> **Data provided**
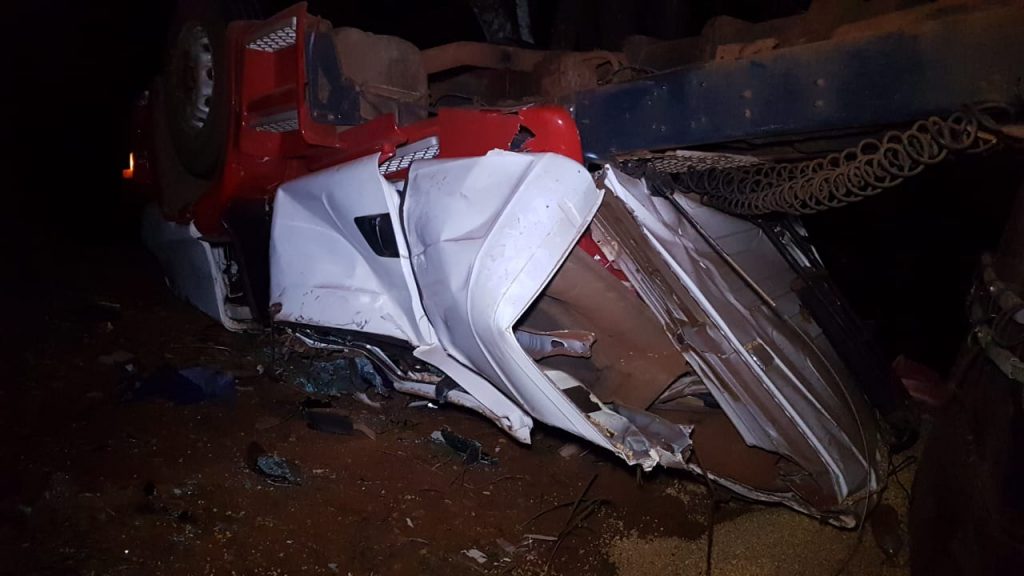 Veículo de carga tomba em estrada rural perto da PR-486, em Jotaesse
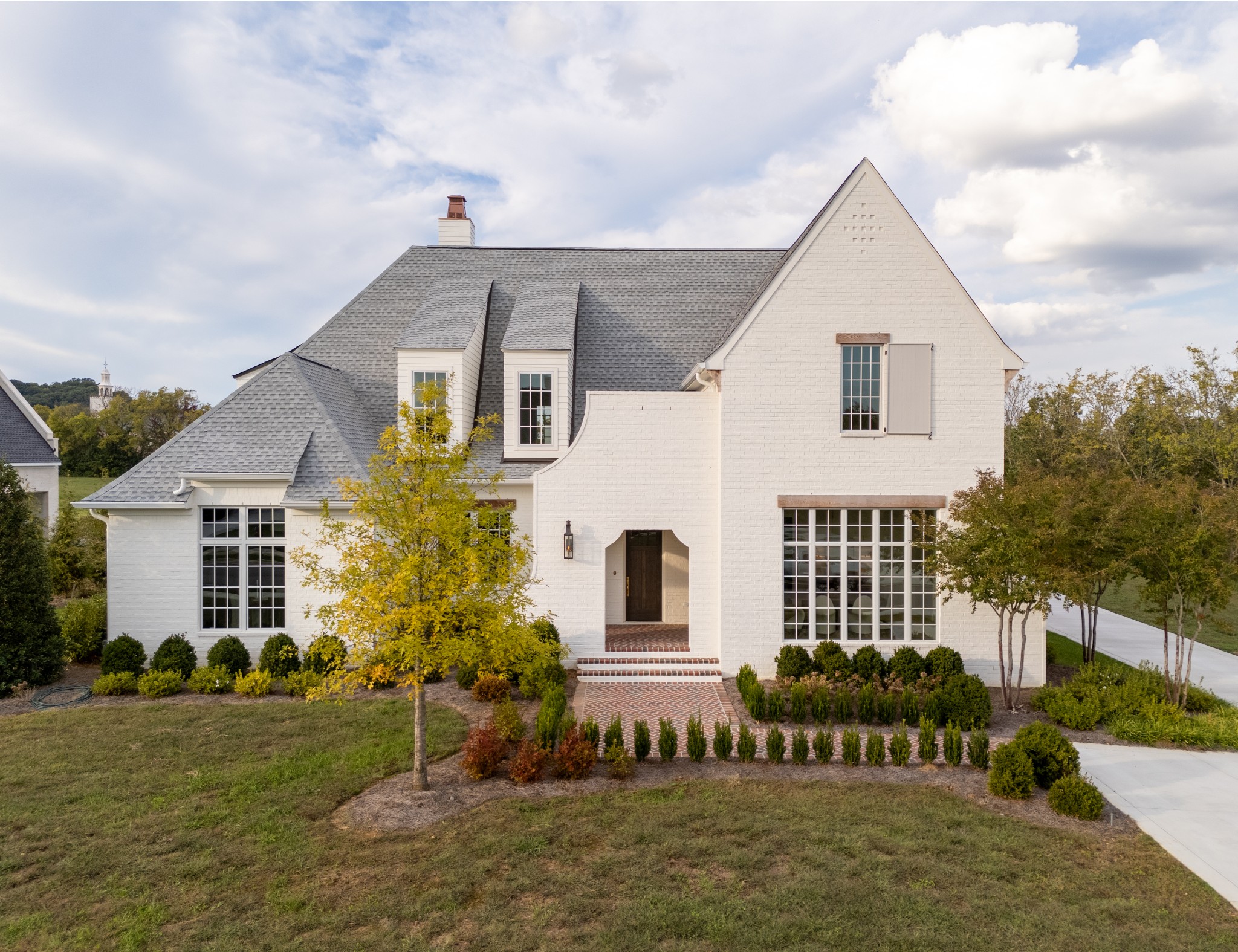 6034 Frazier Park Ln Property Photo 1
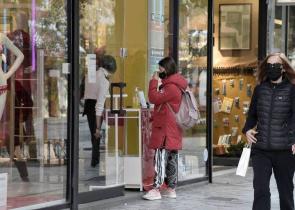 Υποχώρηση της κατανάλωσης και συγκρατημένη αισιοδοξία στο οργανωμένο λιανεμπόριο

> **What needs to be done**
Beginning at the line with "6034 Frazier Park Ln Property Photo 1" and ending at the last line of the listing above, retype each line exactly, including those two lines. Leave the pictures out.

> **Task answer**
 6034 Frazier Park Ln Property Photo 1
 Υποχώρηση της κατανάλωσης και συγκρατημένη αισιοδοξία στο οργανωμένο λιανεμπόριο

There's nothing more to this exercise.